生物学和医学

抽象的

Cytotoxicity of neoplastic drugs Gefitinib, Cisplatin, 5-FU, Gemcitabine, and Vinorelbine on human cervical cancer cells (HeLa)

M Ahmed, K Jamil

A recent study reports that more than 99% of cases of cervical cancer worldwide contain HPV DNA. Hence, treatment options for cervical cancers are difficult due to multiplicity of the disease. Chemotherapy uses strong anticancer chemicals to kill cancer cells but to kill the viruses clinicians administer combination of drugs or higher doses of chemotherapy to control advanced cervical cancer and this practice causes severe side effects. Numerous cancer patients fail standard chemotherapy or develop resistance to chemotherapy during the course of treatment.

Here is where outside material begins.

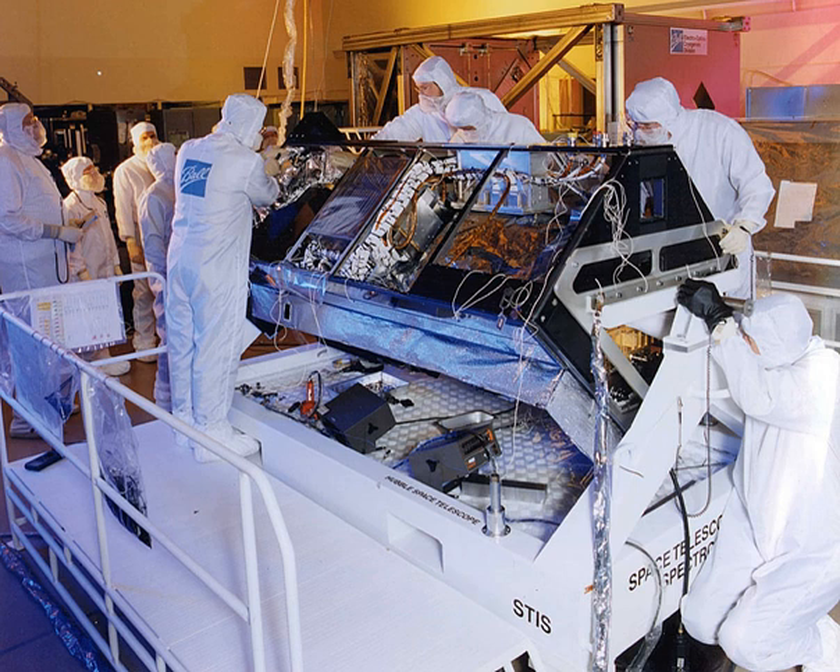It was designed to operate for five years. On August 3, 2004, an electronic failure rendered STIS inoperable, ending its use two years beyond its predicted lifespan.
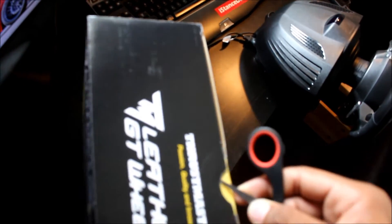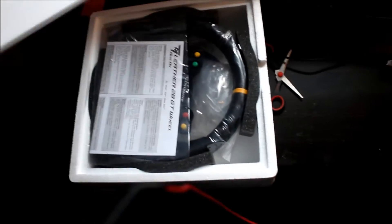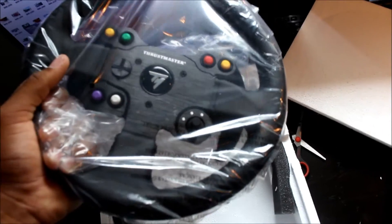I'm going to open this. I'm just looking down. Oh wow, right off the bat you can feel the weight difference and quality.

Hence the aim of this investigation was to determine the chemo sensitivity of the five commonly used neoplastic drugs such as Geftinib, Cisplatin, 5-FU, Gemcitabine and Vinorelbine in vitro, and compare its toxicity on cervical cancer cells (HeLa) using lymphocytes (nucleated cells) as controls. Cytotoxicity in vitro was determined using the MTT assay; LC50 for all the drugs was calculated by regression equation. The morphological change of cells was recorded using Inverted Microscopy. DNA damage studies by comet assay determined the extent of single strand breaks in the DNA and these results were statistically determined using Standard deviation and compared with various treatments in cancer cells (HeLa) and control cells. All the results were statistically analyzed and recorded. From these studies we could determine that cisplatin was the most toxic drug and vinorelbine was least toxic. The order of toxicity (LC50) of the neoplastic drugs was Cisplatin (13μM) > Gefitinib (20μM) > Gemcitabine (35μM) > 5-FU (40μM) > Vinorelbine (48μM). Further, we could determine the toxicity of the combination of drugs using sub-lethal doses of each drug.